Category Archives: wages

Long Term Care’s “Trans” Issue




When the issue of CNA wages is raised, the response is never “Sorry, we don’t think you deserve better wages. We’re not going to pay you enough to live on if we can get you to work for peanuts.” No: administrators will say, “Yes, we know aides are worth more and we would love to pay higher wages. We just can’t afford to. The money isn’t there.”

Are you sure about that? Show me the money. Let us see your budget. Every organization has a budget, detailing what comes in and what goes out and where it goes. Long-term-care administrators tell us they can’t find the money to increase wages or benefits of aides. Maybe so, but we aides would like to be included in the search.

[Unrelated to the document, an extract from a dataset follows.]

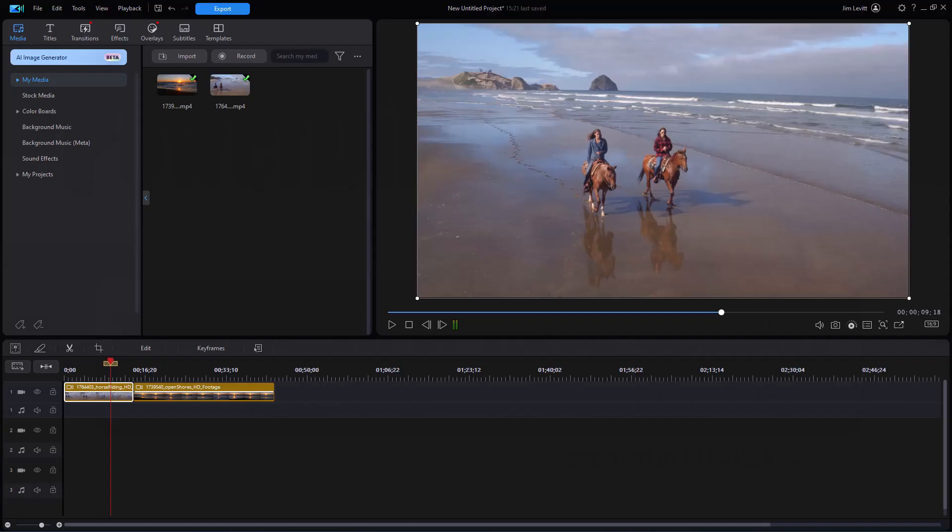In this tutorial in CyberLink PowerDirector, I'd like to show you how you can change the opacity of video clips on the timeline. This has now been restored as of November 16th, 2023.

This is about transparency in money matters. If you attend conferences and webinars and read articles on how to achieve quality care in long-term-care homes, you will often hear the word ‘empowerment.’ Residents need to be empowered. Persons living with dementia need to be empowered. And direct-care workers need to be empowered—that’s what the experts say. What could be more empowering than having a say in how money is spent? Including aides in a transparent discussion of resource allotment would demonstrate trust in us, respect for us, and appreciation for the creativity we might bring to problem-solving. There may not be a wealth of money being wasted or misspent. But aides are in a unique position to see opportunities for cost savings that others might overlook. As a CNA I saw the amount of food that, at the end of every meals wasn’t in the stomachs of residents but in black plastic waste bags. I saw the wastefulness in our use of disposable items like plastic cups, paper plates and napkins. Without impacting the welfare of residents, aides might find multiple ways of cutting costs so that money might be re-directed. We might bring fresh vision to decision-making about saving and spending. Give us a chance!

Perhaps administrators protect budget secrecy out of embarrassment over the wide gap between the salaries of aides and the salaries of the executive and managers. Or out of worry that this knowledge might lead to poor morale and workplace unrest. Maybe the organization worries about privacy rights; why should anyone’s salary be public knowledge? First of all, budget transparency doesn’t mean that individuals’ salaries have to be known. (However, if it did, would this be so bad? Americans are more open about their sexual practices than about their finances! We know the salaries of the President and members of Congress and of the CEO’s of publicly-traded corporations. It is a tool of accountability.) There are ways to protect information about individual salaries (as the federal government does for federal civil servants) while making information available about salary ranges, the percentage of the budget spent on various classes of jobs, etc. This privacy issue is an excuse, a ploy to halt discussion before it starts. It’s not a justification for saying no to transparency.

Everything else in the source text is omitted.